A Turkish court on Wednesday rejected a prosecutor’s attempt to shut down a leading women’s rights group that fights against femicide on charges of violating administrative laws and “morality,” Agence France-Presse reported.
The rare court victory for a Turkish rights group came as Ankara vows to repair ties with Western allies after May elections in which President Recep Tayyip Erdoğan extended his rule into a third decade.
Cheers from We Will Stop Femicide Platform members and supporters were heard in Istanbul’s main courthouse when the presiding judge dropped the case after more than a year of hearings.
“You won’t be able to stop us, but we will stop femicide,” the group declared on social media after the verdict.
“We are very happy, but [the trial] should never have happened in the first place,” We Will Stop Femicide Platform representative Nurşen İnal told AFP.

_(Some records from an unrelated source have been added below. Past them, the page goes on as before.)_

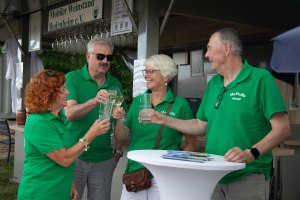 Gl&uuml;hweinausschank am Turm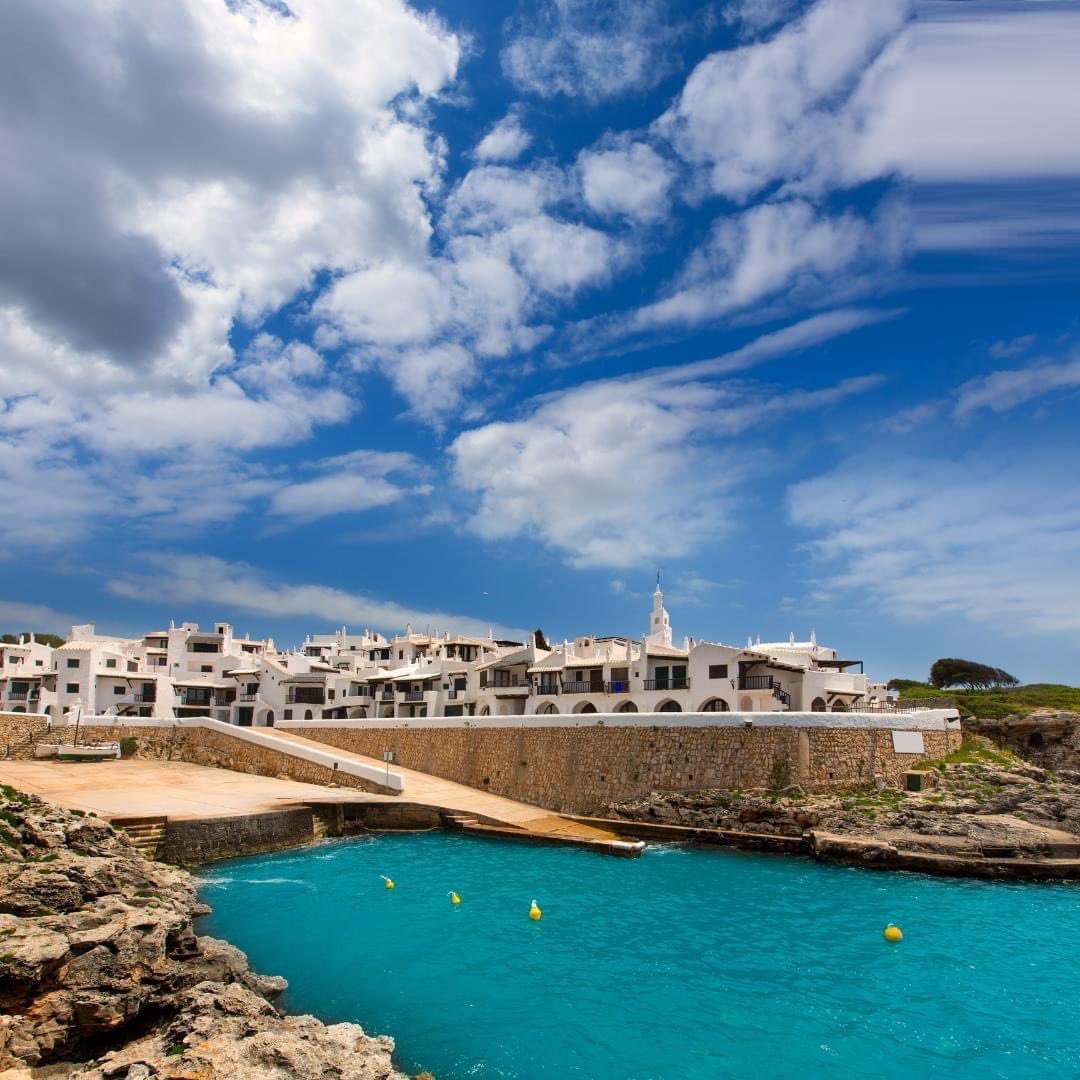 stefanemota1's tweet photo. 🇪🇸 Bem-vindo a #Binibeca em #Menorca. A encantadora vila distingue-se pelas suas casas caiadas de branco. 🏚️ Gostava de conhecer? 😉
👉 Peça o seu orçamento personalizado:
https://t.co/myhUm531hK
📧 𝒊𝒍𝒉𝒂𝒗𝒐@𝒂𝒏𝒄𝒐𝒓𝒂𝒈𝒐𝒍𝒅.𝒑𝒕
#viajaréviver #ancoragoldviagens https://t.co/kXgTlawf5S
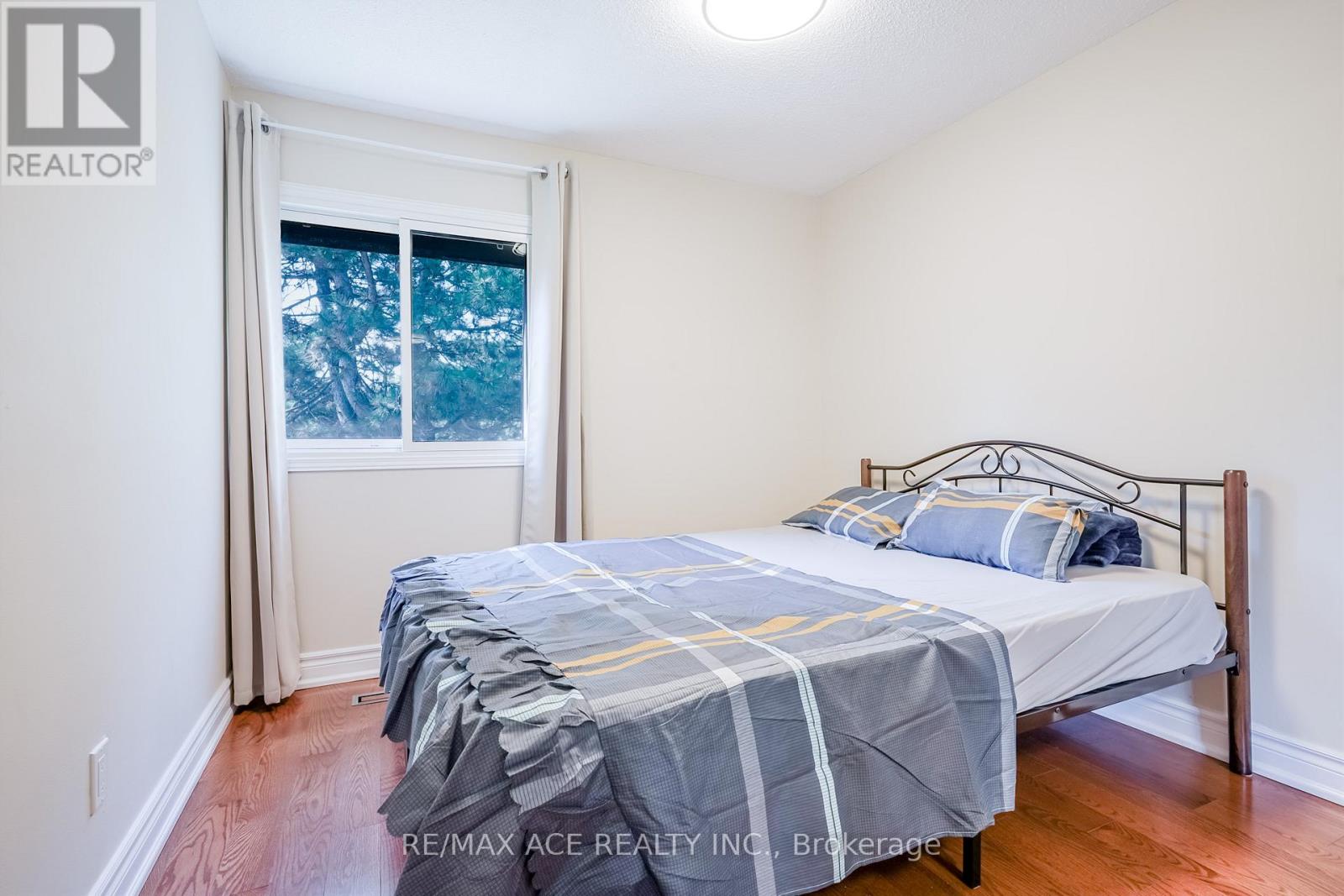 #94 371 ORTON PARK ROAD - 30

Riot police cordoned off the courthouse and detained two supporters of the group ahead of the closely watched hearing.
Prosecutors had asked the court to close the group for “acting against the law and morality” in hearings that had stretched out for more than a year.
The group called the charges political and said it was never presented with an explanation as to which laws it was supposed to have violated.
Change in tone
The We Will Stop Femicide Platform has been campaigning against the murder and abuse of women in the mostly Muslim but officially secular nation since 2010.
It became a lightning rod for criticism from Islamic conservatives after speaking out against Erdoğan’s 2021 decision to pull Turkey out of a European convention aimed at combating violence against women.
More conservative members of Erdoğan’s ruling party also accused the group of damaging traditional family values by speaking out in defense of LGBTQ rights.
Erdoğan himself branded the LGBTQ community “perverse” and repeatedly denounced its supporters during his May re-election campaign.
The We Will Stop Femicide Platform says 403 women were murdered in Turkey last year and 423 in 2021.
The group’s prosecution alarmed human rights groups and followed a string of other hugely controversial jailings of Erdoğan opponents and reporters.
But some analysts are sensing a change in tone in Turkey after the May vote.
Turkey this year reaffirmed its commitment to resume long-stalled negotiations to join the European Union.
Erdoğan is also slowly repairing relations with historic rivals Armenia and Greece.
His push to join the European Union — at a standstill since 2018 — is unlikely to make major headway in the coming years.
The bloc’s enlargement commissioner said on a visit to Ankara this month that Brussels needed to see tangible progress on Turkey’s commitment to “democracy and the rule of law.”
But initial talks are starting on expanding a customs union the sides first signed nearly three decades ago.